Another void where love was, hearkening back to an old blog post about a Ghost. This time: reality check.
The post was about dealing with the ghost of a past lover. This time, it wasn’t really love…yet, but it seemed to have all the frills.
Here I went, again, letting myself get all twisted up in it with a guy who reminded me of the my old beloved, and fittingly, this time it ended badly, too. Do these two men really have to have the same voice, the same body, the same boots? Is it some kind of cosmic torture designed especially for me? It begs the question, how do you tell the difference between the Doppelganger of the beloved and the beloved himself; or is this new man, the Doppelganger, just a shadow of the ghost of the beloved? The ghost who you’ve been living with all these years, anyway. How do you describe how you feel after you’ve played with this new Shadow and gotten burned all over again?
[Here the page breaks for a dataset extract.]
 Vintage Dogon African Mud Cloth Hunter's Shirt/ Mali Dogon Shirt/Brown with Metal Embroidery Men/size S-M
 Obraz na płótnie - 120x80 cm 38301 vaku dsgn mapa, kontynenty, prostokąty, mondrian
Result: Me: a twisted up, fucking, stupid, fucked up head case. I’m always too hard on myself but why, oh why, do I have sex with the ones who I know will screw me over?
What happened to dating? Well, it was going well. Me, the star in the middle. One guy I was falling for and suddenly got intimate with, one guy who had fallen for me in the past who I could keep rejecting but still have benefits with, one guy to continue to date so casually that it just felt like a two person literary meet-up, and the guy who’s practically my best friend, who’s always been there in the background, waiting for me to come to my senses, apparently, and marry him.
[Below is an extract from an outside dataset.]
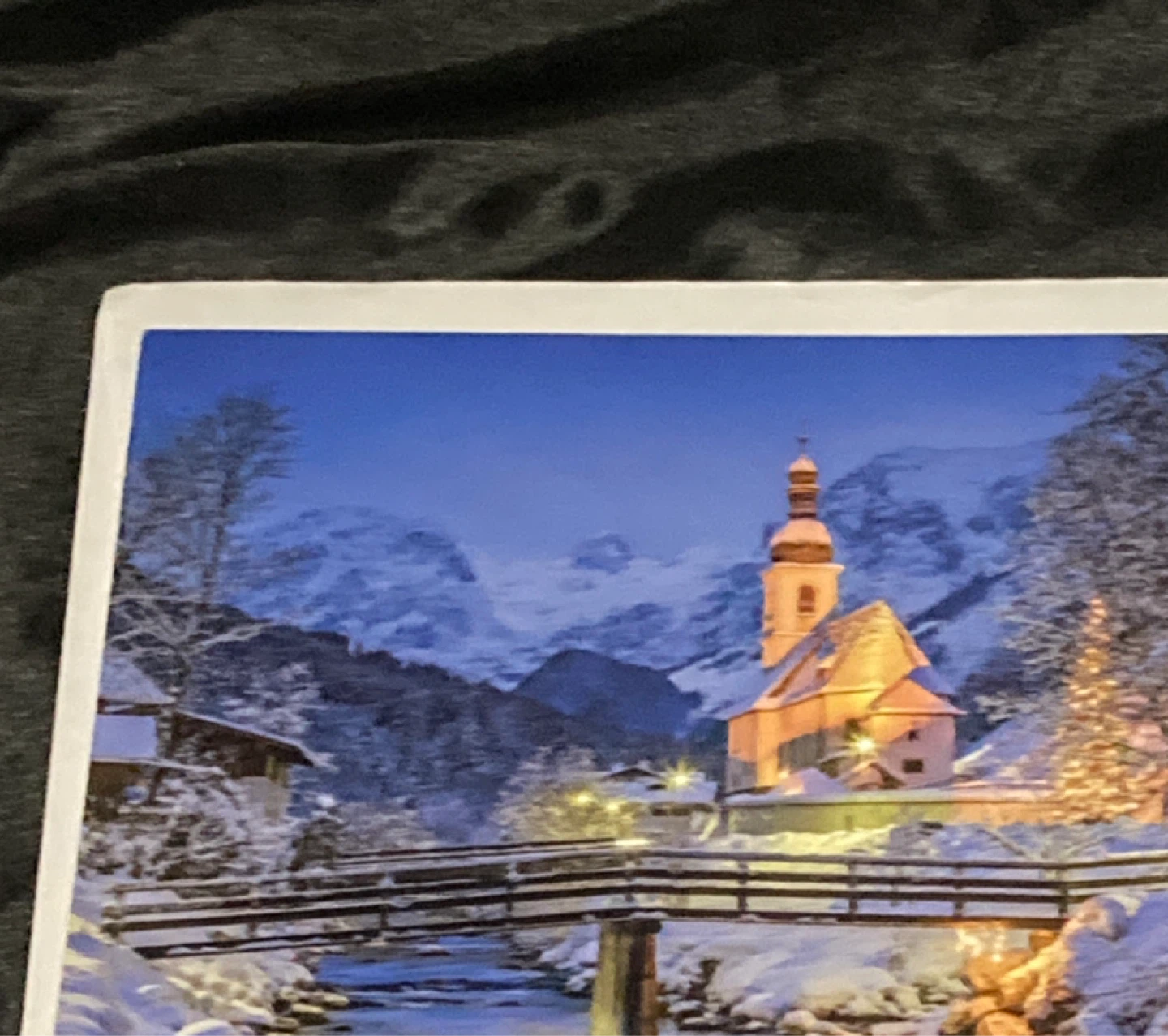 Winter Village Landscape Postcard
Confusing? Yes, sometimes, but an immense self-esteem builder to have so many kettles on at once. (I’m putting aside any analysis for now of the effects of my actions on others; god knows I’m aware enough of that.) And no time really to keep up the dating schedule. Once again, I failed.
And then I got screwed. I liked the fucking. New fucking can be very exciting. But when it comes to my head, I’ll pass. I started to get attached, then he tells me he needs to take his “Solo Path.”
Translation: I want to have my cake and eat it too; and I want your cake as well.
Second translation: I want you to give to me as if you are my girlfriend but I don’t want to give up my freedom. I don’t want a commitment; therefore, I refuse to behave as your boyfriend.
Another skeleton to pack away into the attic. Scarlett O’Casual hurt, licking her wounds, but determined to move on. No more tangles with manipulation. And no more sex before some sort of idea that a relationship might actually work out. Am I really going to do this? Well, maybe at least I can just be a little wiser in the future.